#### [WORK REQUEST]
Return the lines of the material below exactly, beginning with the line that has "Pajar size 42" in it and finishing with the line that has "3rd image of 241 Myrtle St" in it. Leave all pictures aside.

#### [INPUT MATERIAL]

+ + + + +

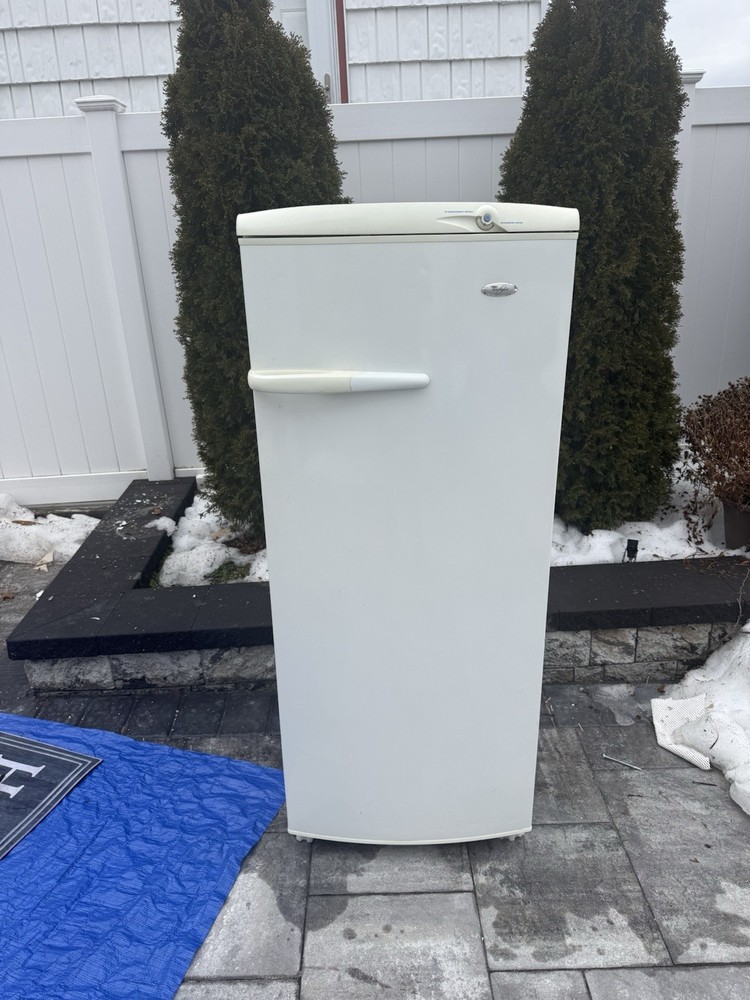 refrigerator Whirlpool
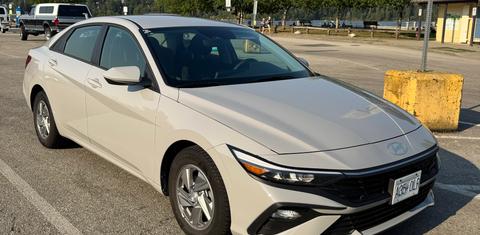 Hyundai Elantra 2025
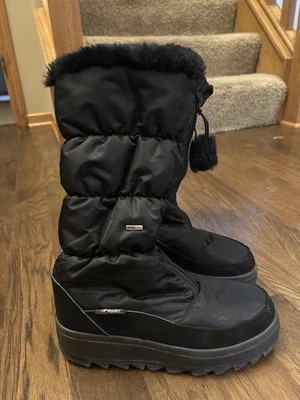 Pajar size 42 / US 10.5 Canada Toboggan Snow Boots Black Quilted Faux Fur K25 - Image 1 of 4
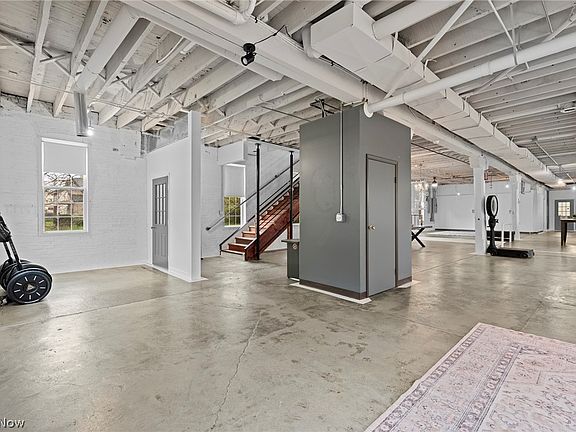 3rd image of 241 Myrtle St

+ + + + +

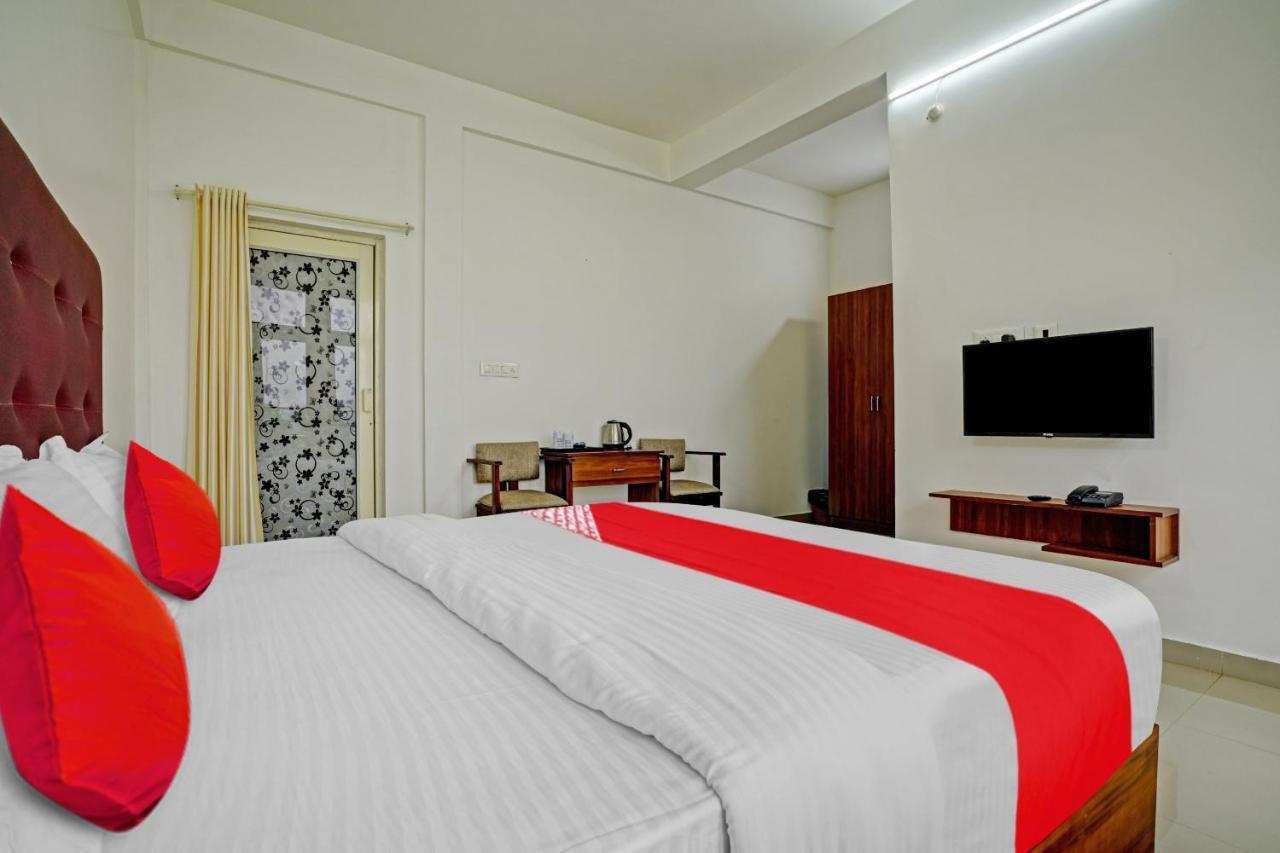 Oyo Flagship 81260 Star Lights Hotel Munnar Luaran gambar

+ + + + +

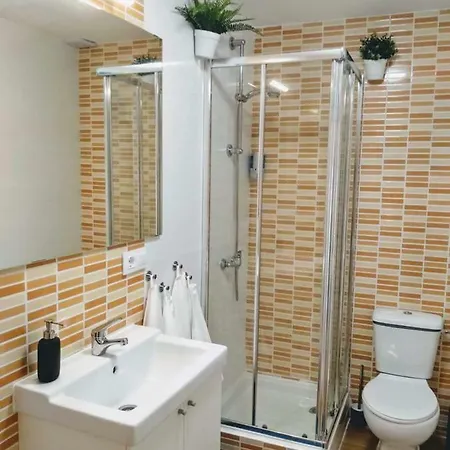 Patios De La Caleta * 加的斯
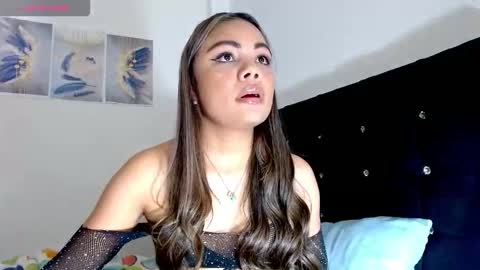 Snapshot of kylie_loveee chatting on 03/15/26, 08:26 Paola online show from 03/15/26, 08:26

+ + + + +

#### [EXERCISE OUTPUT]
 Pajar size 42 / US 10.5 Canada Toboggan Snow Boots Black Quilted Faux Fur K25 - Image 1 of 4
 3rd image of 241 Myrtle St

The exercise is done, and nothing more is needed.